安心して働ける毎日を、つくる
綿貫 朋子 Tomoko Watanuki
東京オフィス
コーポレート部門 全社人事 バックオフィス
労務
2023年⼊社/東京都出身
安心して働ける毎日を、つくる
綿貫朋子は2023年2月に入社。バックオフィスの一員として主に労務を担当しています。バックオフィスの仕事は、表には見えにくい場所から組織全体を支える役割です。労務や経理、総務などが丁寧に整えられているからこそ、スタッフは安心して自身の仕事に挑戦し、本来の力を発揮できます。その安心感は、ものづくりや接客の質を高め、最終的にはお客様の満足や感動へとつながっていきます。スタッフ一人ひとりがいきいきと働ける環境をつくることが、巡り巡ってお客様を喜ばせ、世の中をしあわせにする。縁の下から未来を支える仕事です。
不安と向き合ってきたからこそ、
支えられる
綿貫は、小学生の頃に友だちにからかわれたことがきっかけで、自分の容姿にコンプレックスを抱くようになりました。また、他人から注視されることに不安や恐怖を感じ、コミュニケーションにも苦手意識がありました。
そうした感情に向き合う中で、「人を美しくする仕事に就きたい」と考えるようになります。エステティシャンやアンダーウェアの販売など、あえて苦手だった接客業に就き、コンプレックスや不安を克服してきました。すっかり不安を克服したように見える彼女ですが、今でも人前で話すときには緊張で指先が震えると言います。現在のバックオフィス業務につながる経験は、都内の撮影スタジオで働いていた頃に培われました。執行役員の秘書を務めながら幅広いバックオフィス業務を担当し、会社に足りていない仕組みは自ら整えてきました。入社してくる若者たちは社会経験が浅く、彼らの相談に乗ることにもやりがいを感じていたと言います。
「こんな仕組みがあったらいいのに」
SHIROに転職してからもその経験を活かし、与えられた仕事をこなすだけでなく、「こんな仕組みがあったらいいのに」と自ら提案して、実現してきました。彼女が導入に携わった制度のいくつかをご紹介しましょう。

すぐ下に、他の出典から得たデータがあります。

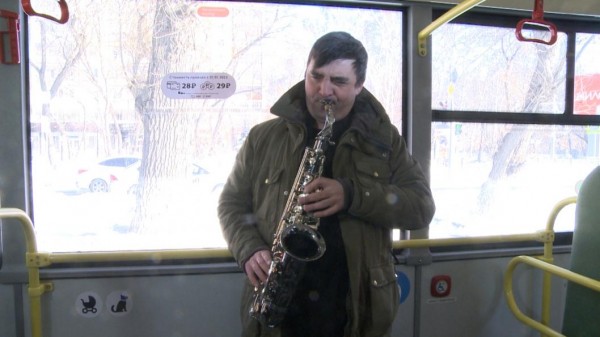Пассажиркам автобусов в Тюмени подарили розы и сыграли на саксофоне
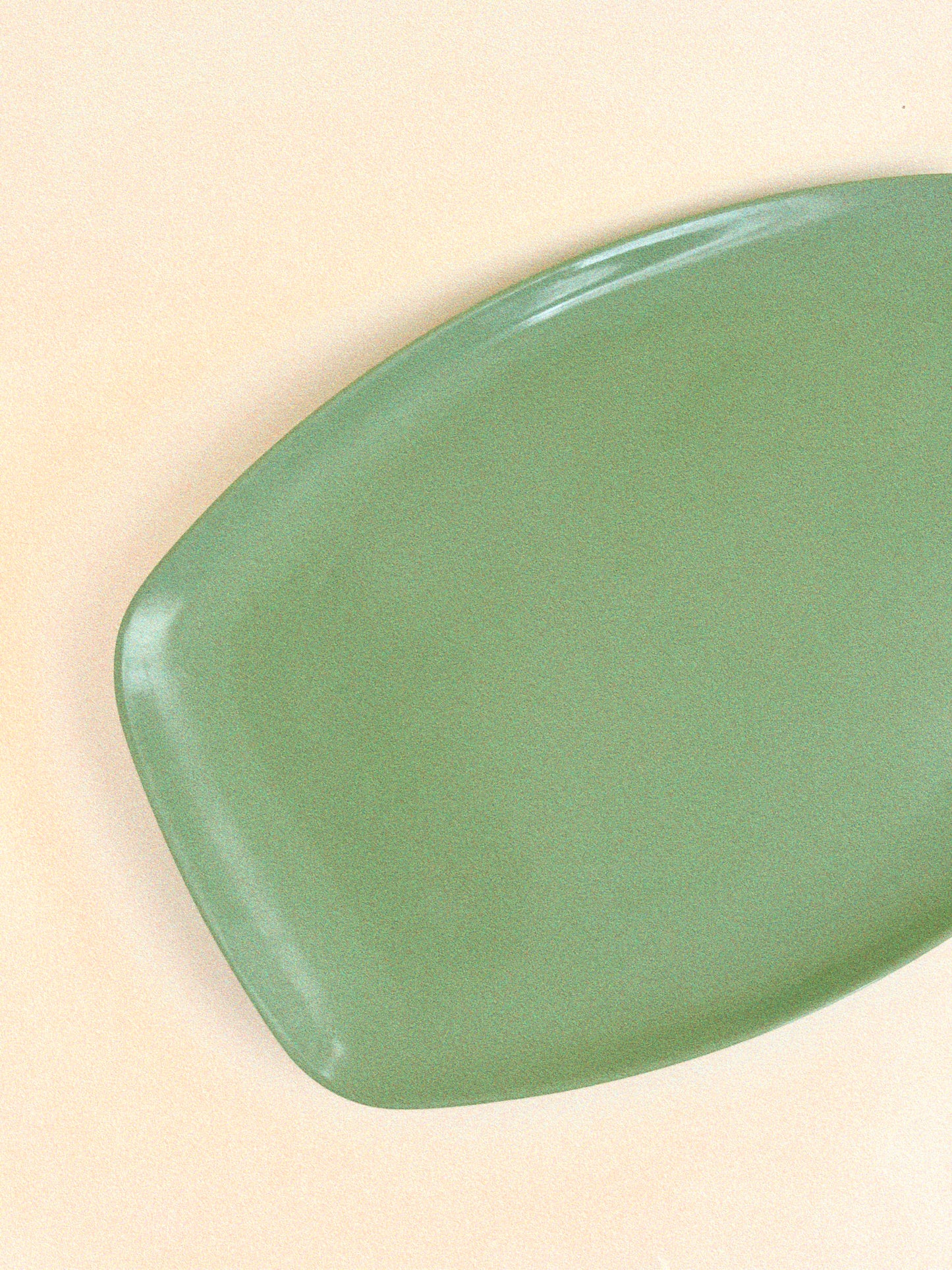 Vintage Duraware Melamine Platter | Avocado Green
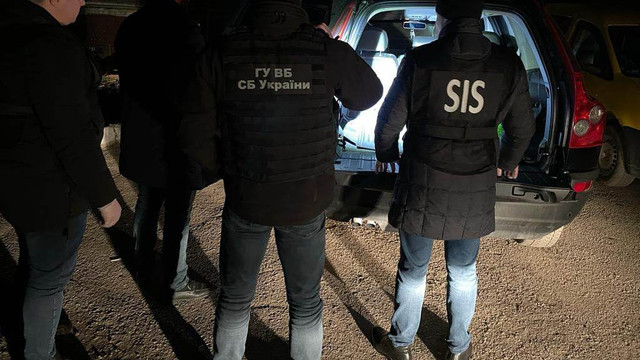 Un nou grup infracțional care facilita tranzitarea ilegală Moldovei de către bărbați din Ucraina, destructurat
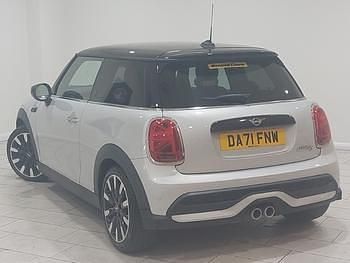 Used Mini Cooper S Exclusive 178 HP (130 kW) 2021 Silver Hatchback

例えば、女性スタッフのための婦人科検診の実施です。社長の福永に提案し、昨年、全女性スタッフを対象に導入されました。SHIROでは多くの女性が働いており、最も多いのは20~30代。ガンは年齢とともに罹患率が高まりますが、20~30代女性で最も多いのが子宮頸ガンです。
「会社の検診をきっかけに、女性特有の病気に対する意識を持ってほしい。そして、安心して働き続けるためにも毎年婦人科検診を受けてもらえたら」と綿貫は言います。
また、休職制度の改定にも取り組みました。メンタルの不調を抱えながら無理に働き続け、症状を悪化させてしまう事例が増えていたからです。自身の休職経験も踏まえ、休職が認められるまでの欠勤期間を短縮。症状が軽いうちに休職し、早期に復職できるよう制度を整えました。長期欠勤が発生した場合には、すぐに休職などのフォローに入れる体制も整備。さらに復職時のサポートとして、必ず産業医との面談を実施し、いきなり元の勤務条件に戻すのではなく、勤務日数や時間を短縮した状態からスタートできるよう改定しました。
みんながハッピーになる
制度をつくる
綿貫は、スタッフが安心して働ける環境を整える頼もしい存在です。とはいえ、本人に気負いはありません。婦人科検診の必要性を自ら感じていたことや、体調の不調を抱えながら働いた経験があったことなど、自分自身の実感と重ね合わせて考えているのです。困っている人がいたら、なんとかしたい。そう思うと、会社に提案せずにはいられないと言います。
「好きなことをやらせてもらっています。スタッフを守っているという意識はなくて、こんな制度があったら、みんなハッピーなんじゃないかな、と思うことをやっているだけなのです」
自らを「諦めが悪い」と笑う綿貫。一度必要だと思ったことは、明確に否定されない限り、工夫を重ねながら何度でも提案し続けます。二人の小学生の娘を育てながら時短勤務をしている彼女にとって、タスク管理は課題のひとつです。さまざまな仕事を任せてもらえるSHIROの環境の中で、ついあれこれと手を広げてしまい、どれも中途半端になりがちだと言います。ひとりでやり切る力も大切ですが、チームとして課題に向き合う視点も、これからさらに必要なのかもしれません。